Few images from the Vietnam War, or indeed any war, are as well-known as Eddie Adams’ snapshot of Brigadier General Nguyen Ngoc Loan, the National Police Chief of South Vietnam, executed a suspected Vietcong terrorist. Taken during the height of the Tet Offensive in February 1968, when Vietcong guerrillas launched coordinated assaults across South Vietnam, it came to represent the brutality of the South Vietnamese government and the unworthiness of the American cause. The photograph inspired massive reams of ink and outrage, with only a few writers bothering to sketch its context. In recent years, a bizarre counternarrative has emerged among some historians to paint Loan as a hero, or even a victim of circumstance – an interpretation hardly borne out by the historical record.
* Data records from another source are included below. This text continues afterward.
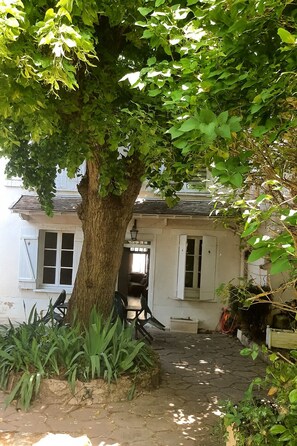 A rustic building with a large tree in front, a stone pathway, and a small outdoor seating area. - House with courtyard and garden (Marolles-sur-Seine)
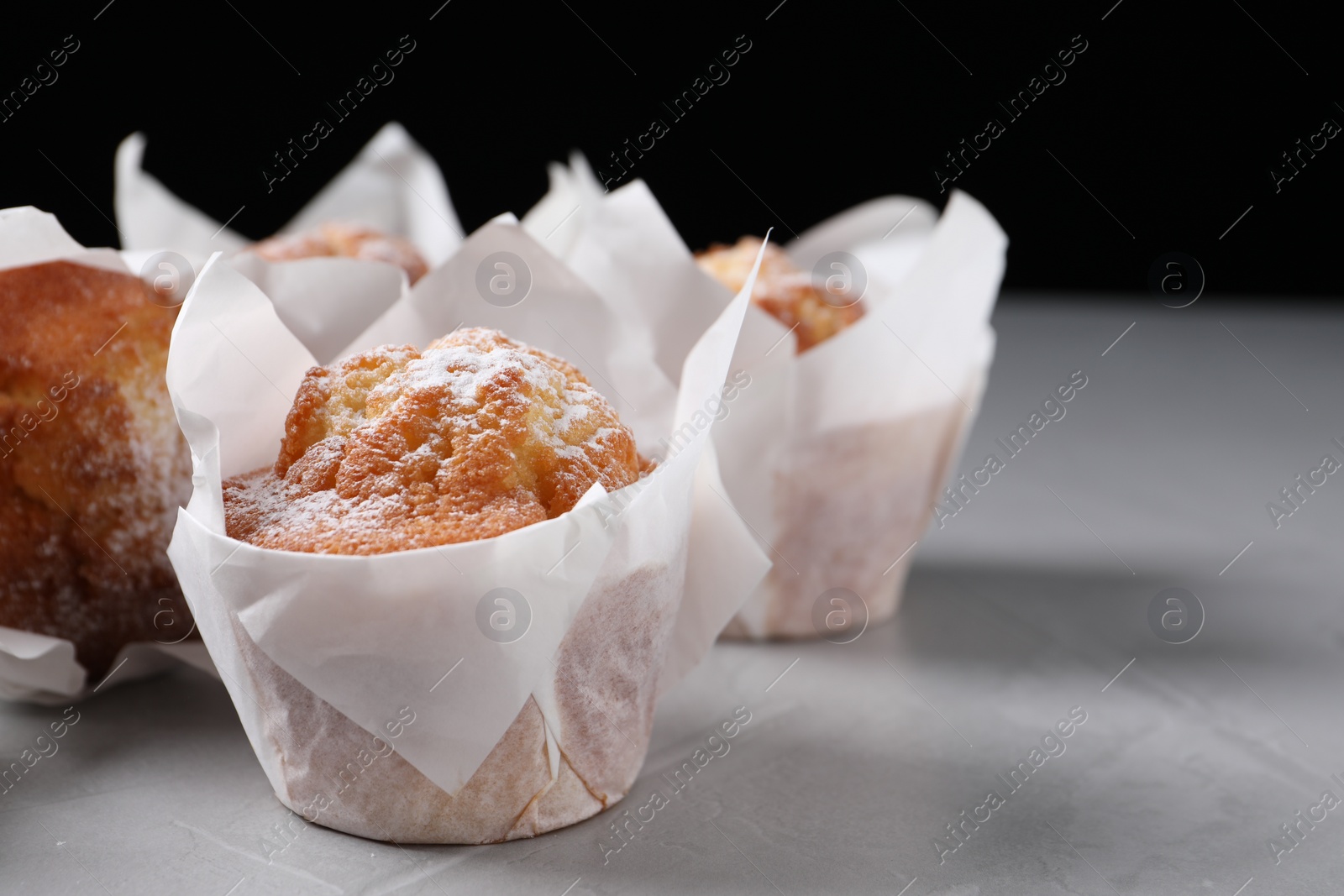 Photo of Delicious muffins with powdered sugar on grey table, closeup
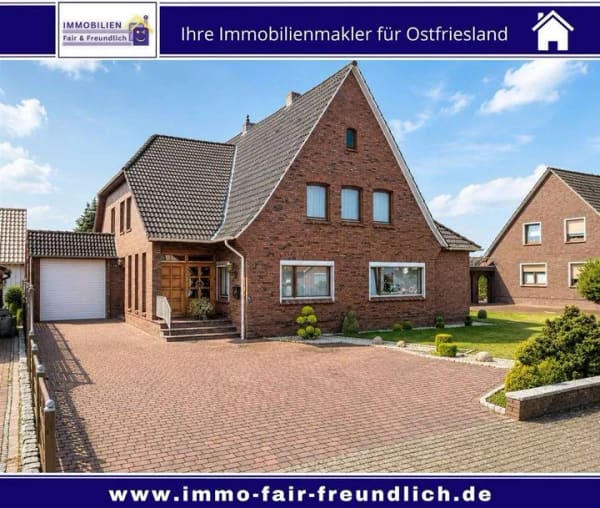 Immobilie in Rhauderfehn - Einfamilienhaus mit separater ELW, Kamin, Sauna und traumhaftem Garten in Westrhauderfehn - Bild 0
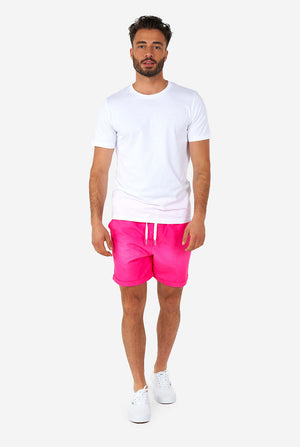 Mann, der bunte Sommershorts und ein weißes Hemd trägt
The shot seen round the world

The future General Loan was born in Hue in 1930 to middle-class parents. After a brief stint fighting with the Vietminh against the Japanese, he attended school planning to become a pharmacist. In 1951 he attended an officer’s training school and joined the Vietnamese National Army, a military organization established by the French to prop up their puppet, Emperor Bao Dai, in the waning days of the Indochina War. While at school Loan met a stylish, arrogant Air Force cadet named Nguyen Cao Ky, who became a close friend. The two men’s destinies would become inextricably linked in the history of South Vietnam.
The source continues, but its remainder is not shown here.